Lazy loading: Making it easier to access vast datasets of weather & satellite data

Image created by Canva's text-to-image generator.

AI has developed at a stunning pace over the last few years in fields such as natural language processing and image recognition. Given all this development, it's surprising that we haven't seen similarly rapid advancement in the application of AI to electricity forecasting given its critical role in people's lives and the transition to net zero carbon emissions.

What's blocking progress? Yes, excellent folks are working on energy forecasting. But why aren't thousands of researchers experimenting with energy forecasting, just as there are countless researchers training AI to excel in computer vision and natural language?

We have observed that one of the main bottlenecks is a lack of access to data. Today, it can take years to gather, clean, and prepare the data required for energy forecasting at the standard required by industry. This is mostly weather data, which is often free but very difficult to access and process. This barrier to entry is dramatically slowing progress in energy forecasting.

Better energy forecasts should help electricity grids to schedule "dispatchable" generators, and help grids absorb more renewable generation. This, in turn, reduces CO2 emissions and energy costs. (Which is what we're passionate about at Open Climate Fix!)

Natural language processing, computer vision, protein folding, and many other domains experienced "big bang" moments when ML models were trained on vast amounts of data. Indeed, a big breakthrough in applying AI for weather forecasting occurred when a large dataset, ERA-5, was made easier to access by Google Research.

We believe that making it easy to train ML models on vast quantities of energy and weather data will catalyse a similar "big bang" in energy forecasting (and other domains which rely on weather forecasting).

To give an analogy: Imagine you're helping to build a new village from scratch, in the middle of nowhere. You have very high ambitions for this village. But the project is taking far longer than anticipated because there are no roads to your new village so all building materials have to be brought to site by donkey. This is very slow. So you decide to invest time in building good quality roads. This will dramatically speed up your ability to build your part of the village. And will help all the other builders, too. It's a no-brainer, right?

The "vision"

Wouldn't it be great if anyone with an Internet connection could lazily access petabytes of weather and satellite data with just a single line of Python like this (inspired by our friends at dynamical.org):

dataset = xarray.open_dataset("https://data-provider.org/dataset-xyz")

This line of Python would execute in a fraction of a second because it only loads the dataset's metadata (which is like the table of contents for a book: it tells you where to find the data you want). When you ask for, say, a satellite image for a specific geographical location and time, only that data is loaded from disk. (This approach of only loading what you need, when you need it, is called "lazy" data loading).

It'd be game-changing if all the world's numerical weather predictions (NWPs) and public satellite data were this easy to work with. No need to spend months waiting for data archives to be retrieved from tape and converted into a form that performs well for your use-case. No low-bandwidth home-brew APIs to deal with.

The time required to start working with weather and satellite data would drop from months to minutes!
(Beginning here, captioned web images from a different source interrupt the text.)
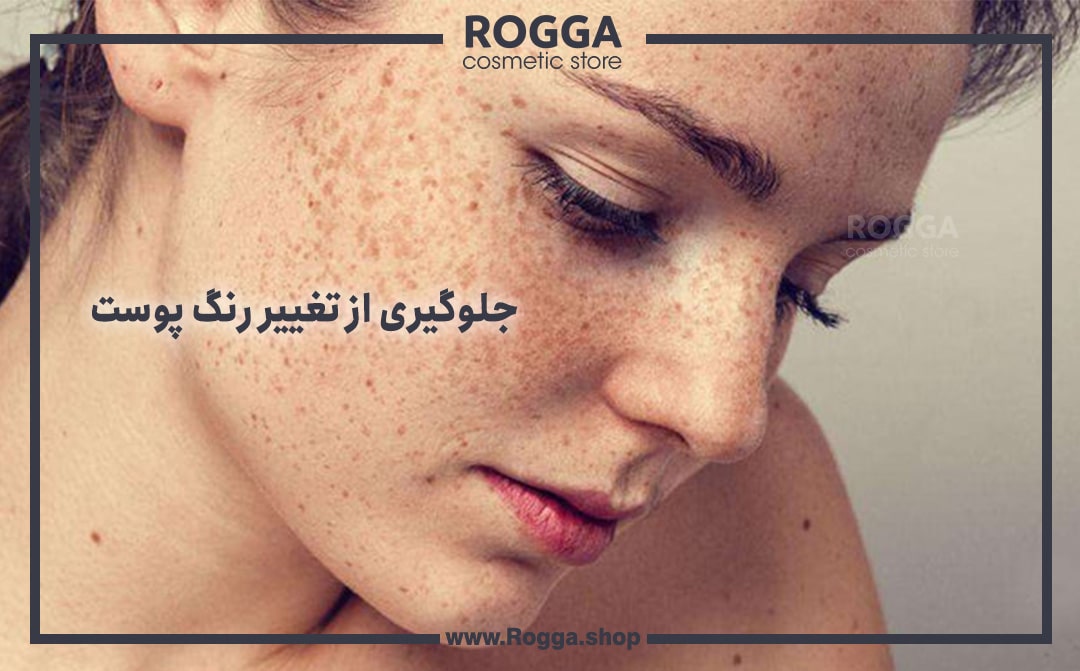 جلوگیری از تغییر رنگ پوست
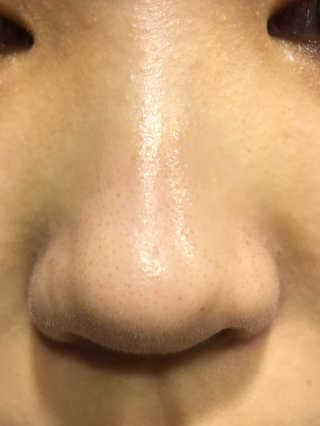 23years old 블랙페인트럽바 — 3.83점을 준 리뷰어가 2018년 7월 올린 사용 사진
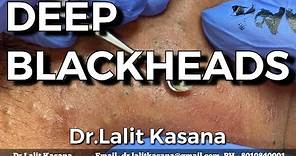 DEEP OLD BLACKHEADS REMOVAL BY Dr.Lalit Kasana (24 Jan. 2020)
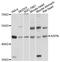 Asporin antibody, STJ112349, St John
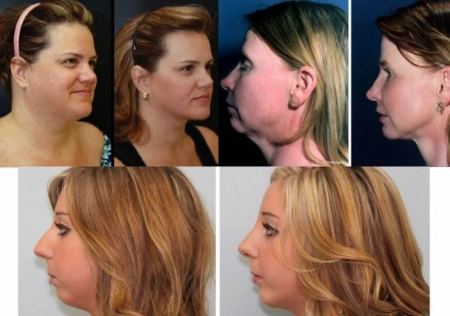 حيلتان تخلّصك من سمنة الذقن... والأولى أسهل مما تتوقع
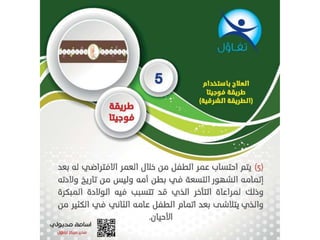 طريقة فوجيتا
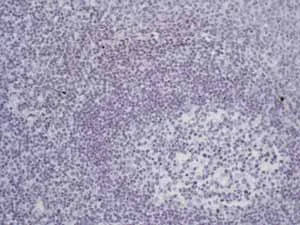 Immunohistochemistry (Formalin/PFA-fixed paraffin-embedded sections) - Anti-ALPP+ALPG+ALPI antibody [EPR6141] - BSA and Azide free (AB220315)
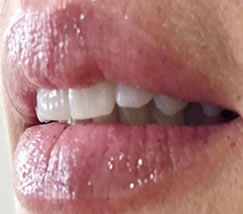 Revitalização labial, com efeito gloss, com Dra Luciana Maribondo - DentistasRio.com.br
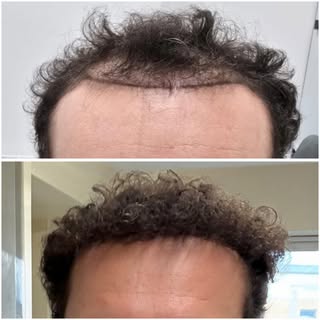 Another incredible transformation. 🌱

Our patient’s journey is a reminder that great results come w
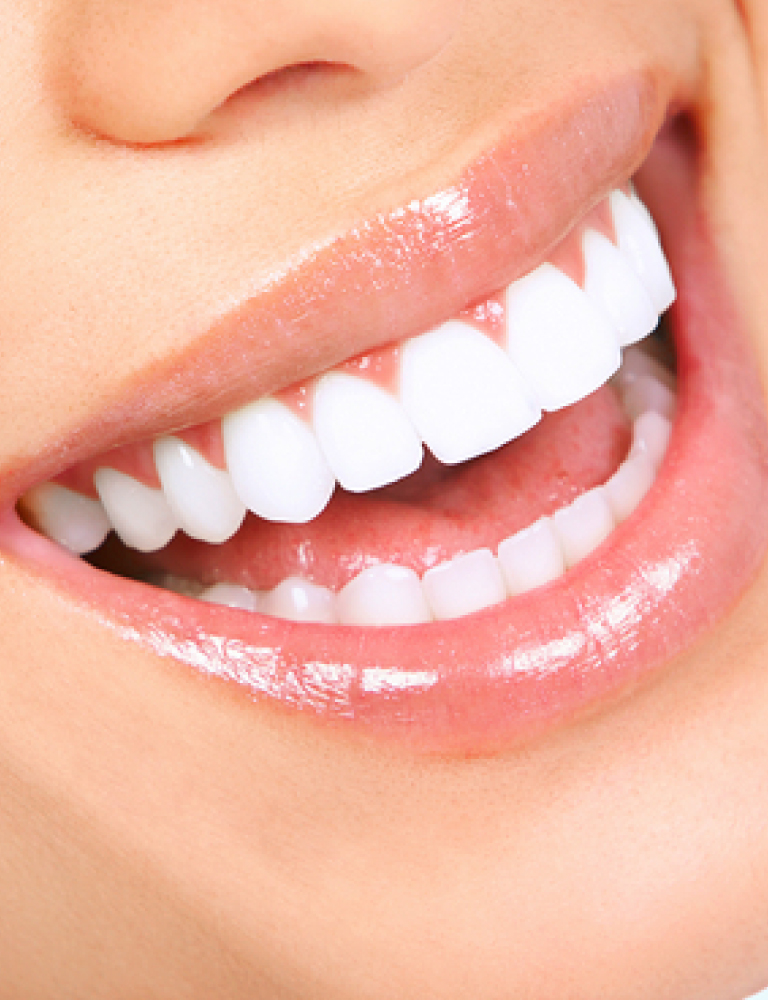 WHEN SHOULD I GET DENTAL CROWNS?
To be specific, this "dream world" would have the following features:

  • Each dataset should have multiple years of historical data and should be updated in near-real-time.
  • Data should be available in a data structure that supports lazy loading, using standard software like the popular xarray.
  • Opening free datasets should be as easy as xr.open_dataset(URL). No sign-up procedures. No logins.
  • Users may have to pay for some datasets. For example, some live European NWPs cost money.
  • Variable names and physical units should be consistent across datasets. Why? Because adding a new NWP to your project should only require a one-line change to your code, not months of work! Comparing NWPs from two providers should be as simple as nwp1 - nwp2
  • Data must be capable of being read at gigabytes per second to each virtual machine. Why such high bandwidth? To train large machine learning models directly from the datasets. Or to perform analytics. Even at 10 gigabytes per second, it still takes over a day to read 1 petabyte.
  • At a stretch, it would be amazing to have tools capable of on-the-fly processing at gigabytes per second, per VM. This processing might include geospatial reprojection, normalisation, downsampling, etc. On-the-fly processing is important so users can avoid having to create their own, processed versions of huge datasets.

We're by no means the first to suggest this "vision". The Pangeo Forge project (Stern et al., 2022) aims "to make it easy to extract data from traditional data repositories and deposit in cloud object storage in analysis-ready, cloud-optimized (ARCO) format." And Daniel Rothenberg talked about Kerchunking petabytes of legacy files in his January 2024 talk at the 104th Annual Meeting of the American Meteorological Society (AMS). And Carbon Plan published a great blog post summarising their experiences of using Kerchunk on a year of the CMIP6 climate dataset.

In the rest of this post, we'll discuss the remaining challenges, and the work that's still to be done.

Today's challenges of NWP & satellite data

The reality today is a long way from the "vision" outlined above. Today, it can take a small team of skilled data engineers years to collect and process all the satellite imagery and NWPs they require. This dramatically slows progress, and severely limits the number of people who can innovate in this area.

Broadly speaking, there are (at least) five challenges when working with NWP and satellite data:

  1. The datasets are huge! An ensemble NWP from a single provider can occupy over a petabyte per year. As of mid-2024, NOAA's Open Data Dissemination (NODD) program has shared 59 petabytes of data. This is far more data than most organisations can store. When people talk about "big data" they often mean "more data than can fit on a laptop". Weather data is on a whole different level! You'd need 100,000 laptops to store NODD's datasets! And NODD's data archive is growing rapidly!
  2. Data is hard to access. Some NWP providers don't provide any historical data. Others provide historical data but you have to wait a long time for data to be retrieved from tape. Or perhaps they provide historical data over a home-brew API with harsh rate-limits.
  3. Data is hard to interpret. NWPs and satellite data often use ancient data formats that are alien to most software engineers, and require the use of software packages designed for a human analyst to view a handful of images per day, not for pumping tens of thousands of images per second through an ML model.
  4. Slow random access. When training a large ML model from satellite and NWP data, each training example might be a small crop of data with a random start time and random geographical location. Yet, the data formats and software tools used for NWPs and satellite data are not optimised for random access. So it's often necessary to convert legacy file formats to a modern format optimised for random access. This conversion can take months and doubles the storage requirements.
  5. Most organisations aren't incentivised to build "community data plumbing". What we're proposing isn't sexy. Tech influencers aren't going to be raving about this on YouTube. No one is going to get rich. So, venture capitalists probably aren't keen to invest in this "community data plumbing". And academics probably can't justify spending much effort on this, either, because this isn't cutting-edge research. For-profit companies looking for a quick PR win also wouldn't be interested because if this stuff works then it will be invisible. It's the sort of thing that, when you see it working, it will appear obvious. As if things were always this way.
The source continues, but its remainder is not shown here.